== Activity ==
Only one stretch of the data below is needed. Output the lines from the one with "Also in dynamics, there" up to and including the one with "Hey guys, welcome", exactly as they stand.

== Data for this exercise ==

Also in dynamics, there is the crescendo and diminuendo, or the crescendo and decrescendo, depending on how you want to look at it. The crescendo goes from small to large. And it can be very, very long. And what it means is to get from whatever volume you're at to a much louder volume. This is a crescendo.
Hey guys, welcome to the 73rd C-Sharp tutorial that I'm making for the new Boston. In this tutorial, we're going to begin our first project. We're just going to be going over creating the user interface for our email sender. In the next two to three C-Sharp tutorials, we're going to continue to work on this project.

==

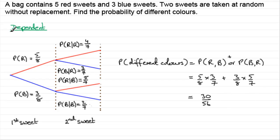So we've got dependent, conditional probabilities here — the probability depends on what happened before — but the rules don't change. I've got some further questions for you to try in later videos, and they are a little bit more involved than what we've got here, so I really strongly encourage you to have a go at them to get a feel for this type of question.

== Solution for this exercise ==
Also in dynamics, there is the crescendo and diminuendo, or the crescendo and decrescendo, depending on how you want to look at it. The crescendo goes from small to large. And it can be very, very long. And what it means is to get from whatever volume you're at to a much louder volume. This is a crescendo.
Hey guys, welcome to the 73rd C-Sharp tutorial that I'm making for the new Boston. In this tutorial, we're going to begin our first project. We're just going to be going over creating the user interface for our email sender. In the next two to three C-Sharp tutorials, we're going to continue to work on this project.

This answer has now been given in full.